If I join a group of people, I am made welcome and I tend to get on as I may slightly mask even though I may not know it... But to stay communicative I then put on a "Thick" mask where I use my humour to act thick. This is the perfect mask for me... But then after so long people may start to find out I am masking, and the fear of being found out makes me go all quiet and on edge. Somehow people may percieve this where I then become a target.
But usually this is the point I leave. In school or college it was real aweful as I couldn't leave, but in employment, it has been the case I find another job or I simply quit and leave. The railway aas my record as I did 9 years, but I did find that due to the ever changing staff (As the drivers I worked with due to different shifts... We would be together foe half a shift or a shift or two, but the shifts would change daily... Everyone had a different start time each day so the shifts were ever changing throught the clock as we went through the link. Due to this it took much longer before the stress of unmasking hit me. I never knew what was happeninb and why I did this though I did see the pattern. Often it wasn't that I felt in danger but I felt stale, and also stressed as I felt I had to move on before I reached the stage where I would be picked on as I was unmasked. (Not that I would be picked on in some jobs I did, but it was more of an automatic response where I felt so much pressure and fear that people would turn against me that even though at the time I disn't know this was going on in the back of my mind, I would have to find a way to leave. I would almost be (And I very nearly once carried it out not thinking straight under the pressure and the lack of sleep and fatigue etc) suicidal in my need to move on.

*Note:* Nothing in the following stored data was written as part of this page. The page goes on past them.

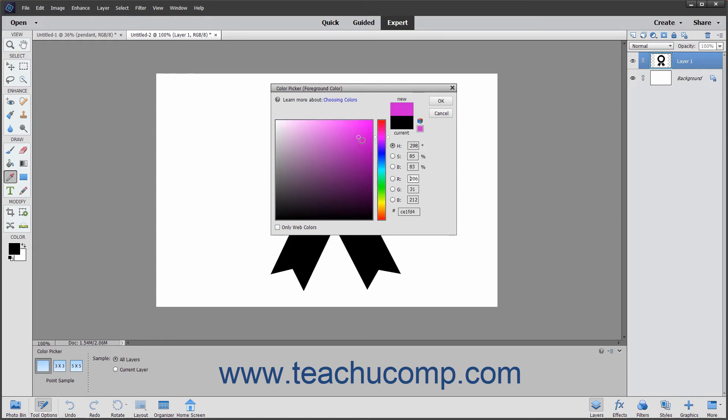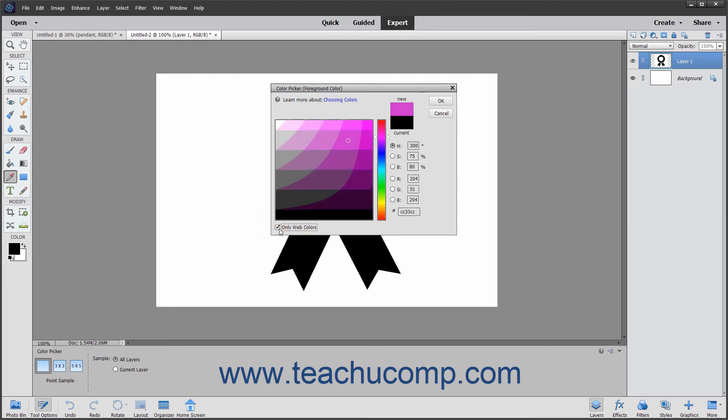You will see the selection color appear to the right of the color slider above your current color choice. If you are designing graphics for the web, you may also want to click the Only Web Colors check box in the lower left corner of this dialog box to restrict yourself to colors that will display well on the web.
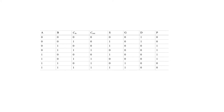Here we have the truth table of the full adder and we're going to look at it using a different perspective. This new perspective is actually the first step that allows us to design faster adders. We're going to re-express the carry out and sum in terms of something called generate-propagate logic.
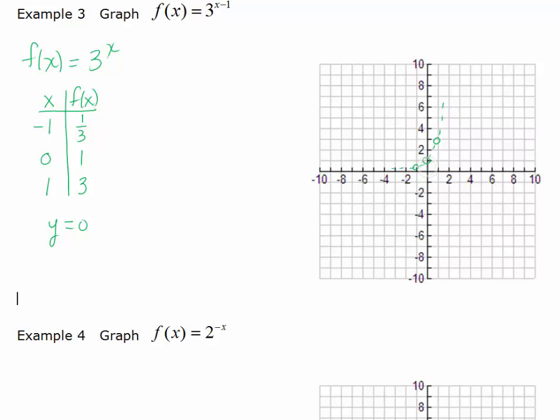Here's the first point. The second point — shift that over 1. The third point — shift that over 1. Again, my asymptote has not changed, so this is my final graph. I'm going to connect it with a nice solid curve, nice and smooth. And so this is the graph of f of x equals 3 to the x minus 1.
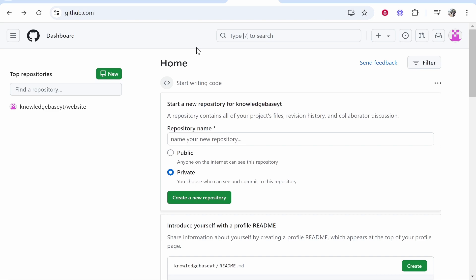In this video I'm going to show you how you can connect a custom domain to your GitHub Pages website. This will be a step-by-step tutorial.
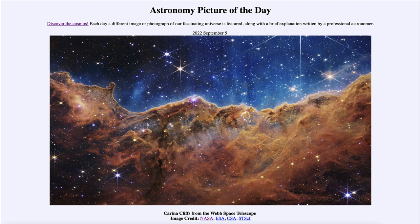We see the cliffs here at the edge, and that is where material is being pushed back by the stars that have formed. The newly formed stars have very strong stellar winds and high radiation pressures that push back the gas and dust away from where they had formed.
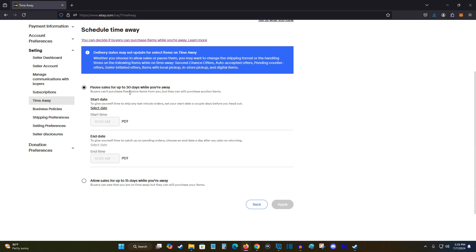But if you want to pause sales for up to 30 days while you're away, buyers can't purchase fixed price items from you. They still can purchase auctioned items. And for pausing, it does recommend giving yourself some extra time potentially by doing a start day that's a couple of days before you head out.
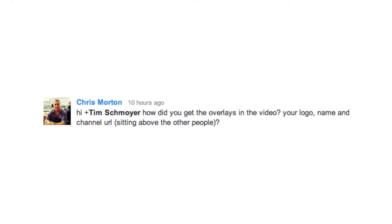So during that Hangout, Chris Morton wrote and asked a question I thought I'd answer for you guys today: how did you get the overlays in this video? Your logo, name, and channel URL sitting above the other people? Good question, Chris.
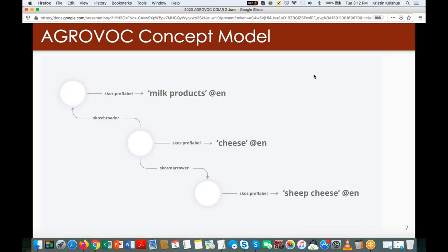AGROVOC is based on a concept model using SKOS as the standard. We have different concepts — represented as circles — with relationships between them, such as broader or narrower. These concepts have label properties that describe them, for example the preferred label for 'meal products' in English. This enriches the way we describe each concept.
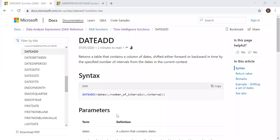Here we have the definition and the syntax. Today I'll be using these two functions: the DATEADD function and the SAMEPERIODLASTYEAR function. With the help of these two functions, I'll be comparing the data across two time periods.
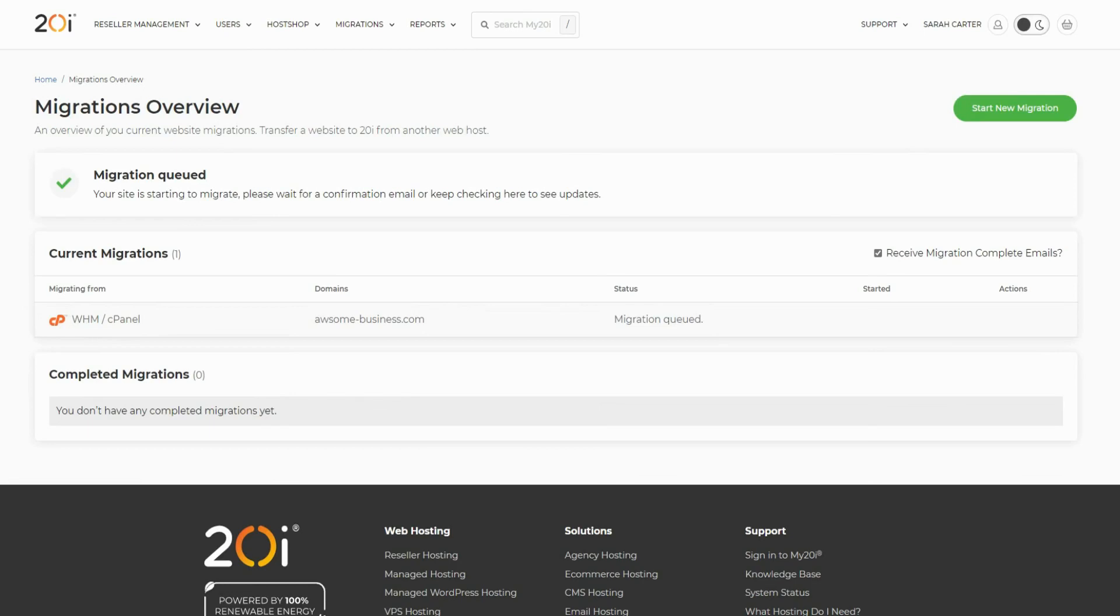There's no risk of data loss, since the migration simply takes a copy of the data from the previous server and moves the copy to 20i. The migration will move all site files, databases, and emails across.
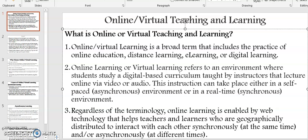This instruction can take place either in a self-paced asynchronous environment or in a real-time synchronous environment. Regardless of the terminology used, online learning or virtual learning is enabled by web technology that helps teachers and learners who are geographically distributed to interact with each other — synchronously, at the same time, or asynchronously, at different times.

Now I also have a similar fear about a similar thing happening online. After my initial new member popularity I fear incase I overwelcome my stay as sometimes I repeat myself from many slightly different angles and variations of the same subject so I get a full definate multiangled conclusion from every aspect to hone in on the answer. It is a bit like a 3D scanner in question form... (If that makes sense). I do this automatically as it is how my mind gets more depth in any given subject I may latch onto. However rhe fear is that some may not fully understand this and take offence as they think in more direct ways. I hope this makes sense.
Having said that I do settle down and even if I go quiet, I usually get back to life again once the fear has gone and I feel I am safe to chat...

I was wondering if anyone else has similar patterns in life? I am thinking what I describe above that I could be on the autistic spectrum but I do not know and in a way I want to know but in another way I almost fear finding out it I am incase I then find I am but am then left alone to work things out in my life from there (If that makes sense) and I also fear an overburden-ness of care as if I am assumed to be incapeable of looking after myself in a mental way... Umm. Yes, cartain areas I rely on my Mum to assist in a relatively minor way where I find I may struggle, like sometimes the thought of filling in forms is a bit much, or sometimes going into certain shops... (The majority of shops I am fine in with no issues).
Anyway. Anyone relate to what I describe above?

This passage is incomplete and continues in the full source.